これは、ミツバチが口移しで液体の栄養を仲間に渡すもので、食料のやり取りと同時に、信頼関係や情報交換の手段にもなっている。
食べ物の受け渡しと関係する18の遺伝的変異を発見
行動データと遺伝情報を照らし合わせた結果、トロファラクシスの頻度が高いミツバチには、共通する18の遺伝的変異があることがわかった。
特に注目されたのは、その一部が「ニューロリギン2(neuroligin-2)」や「nmdar2」という遺伝子内に存在していた点だ。
これらの遺伝子は、人間においても社会性や自閉スペクトラム症(ASD)との関連が知られている。

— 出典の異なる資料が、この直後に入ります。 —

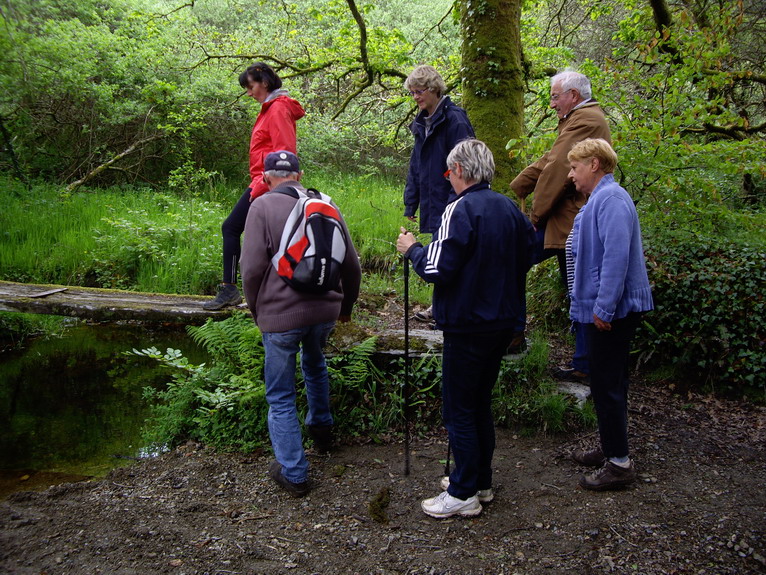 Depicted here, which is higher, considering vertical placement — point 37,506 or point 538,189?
point 538,189

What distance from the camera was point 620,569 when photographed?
2652 mm

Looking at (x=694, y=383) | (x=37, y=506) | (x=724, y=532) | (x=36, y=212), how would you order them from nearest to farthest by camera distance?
1. (x=724, y=532)
2. (x=37, y=506)
3. (x=694, y=383)
4. (x=36, y=212)

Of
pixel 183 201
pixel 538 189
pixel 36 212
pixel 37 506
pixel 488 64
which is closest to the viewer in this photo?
pixel 37 506

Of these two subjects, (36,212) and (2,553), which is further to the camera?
(36,212)

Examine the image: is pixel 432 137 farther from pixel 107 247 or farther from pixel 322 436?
pixel 107 247

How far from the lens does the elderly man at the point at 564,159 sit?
153 inches

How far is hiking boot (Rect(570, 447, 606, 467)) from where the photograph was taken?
3.59 metres

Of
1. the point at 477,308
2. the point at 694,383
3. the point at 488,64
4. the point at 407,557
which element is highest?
the point at 488,64

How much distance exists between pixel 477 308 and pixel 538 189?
164cm

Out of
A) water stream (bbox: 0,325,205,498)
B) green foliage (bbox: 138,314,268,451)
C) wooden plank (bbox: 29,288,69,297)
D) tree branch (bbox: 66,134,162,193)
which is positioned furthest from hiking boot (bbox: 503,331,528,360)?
tree branch (bbox: 66,134,162,193)

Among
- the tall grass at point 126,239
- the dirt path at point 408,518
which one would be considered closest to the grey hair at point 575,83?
the dirt path at point 408,518

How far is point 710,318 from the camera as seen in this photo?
4645 mm

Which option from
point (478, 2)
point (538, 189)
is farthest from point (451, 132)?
point (478, 2)

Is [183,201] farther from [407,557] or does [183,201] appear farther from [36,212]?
[407,557] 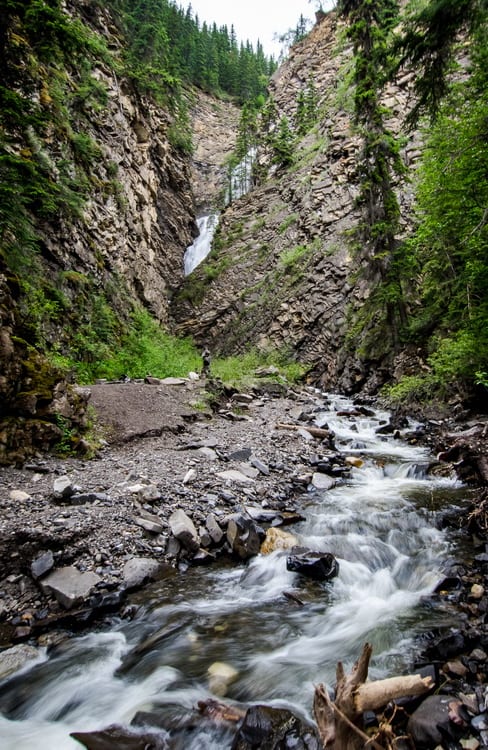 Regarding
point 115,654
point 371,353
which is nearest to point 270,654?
point 115,654

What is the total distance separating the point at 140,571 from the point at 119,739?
1656 mm

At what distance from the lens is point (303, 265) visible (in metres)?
25.0

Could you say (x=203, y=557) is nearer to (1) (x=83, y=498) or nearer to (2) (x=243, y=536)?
(2) (x=243, y=536)

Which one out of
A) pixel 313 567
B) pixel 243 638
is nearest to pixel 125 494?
pixel 243 638

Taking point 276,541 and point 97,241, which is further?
point 97,241

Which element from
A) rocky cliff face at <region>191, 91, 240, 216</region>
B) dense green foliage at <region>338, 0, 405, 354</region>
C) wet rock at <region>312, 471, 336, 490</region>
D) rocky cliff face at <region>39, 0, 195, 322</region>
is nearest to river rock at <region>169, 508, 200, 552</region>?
wet rock at <region>312, 471, 336, 490</region>

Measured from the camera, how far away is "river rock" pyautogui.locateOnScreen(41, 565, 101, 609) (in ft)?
12.6

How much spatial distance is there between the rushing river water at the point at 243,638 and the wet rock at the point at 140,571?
5.4 inches

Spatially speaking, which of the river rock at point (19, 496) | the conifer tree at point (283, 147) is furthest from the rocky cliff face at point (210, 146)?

ミツバチと人間という遠く離れた種のあいだに、社会的行動を支える共通の遺伝的メカニズムが存在する可能性を示している。
仲間との交流が多い社交的な個体ほど遺伝子の数が多い
さらに研究チームは、ミツバチの脳内で実際に働いている遺伝子(転写産物)を調べた。その結果、仲間との交流が多い個体ほど、脳内で活発に働いている遺伝子の数が多く、900種類以上の遺伝子に発現の差が見つかった。
これは、社会的行動が単に性格や偶然に左右されるものではなく、脳内の遺伝子のはたらきに基づく、生物学的な特性である可能性を強く示している。
ミツバチから見えてきた、人間の社交性と遺伝子の関係
人間とミツバチが持つ社会性は、それぞれ独立して進化してきたものと考えられている。
しかし、今回の研究結果は、その根底にある遺伝的な仕組みが共通している可能性を示したものだ。
研究チームは、「異なる系統の動物でも、社会性を支える分子の“共通パーツ”が保存されているのではないか」と述べている。
社交的かどうかを決める要因は、人間でもミツバチでも、見た目には違っても、脳の中では意外と似たようなメカニズムで動いているのかもしれない。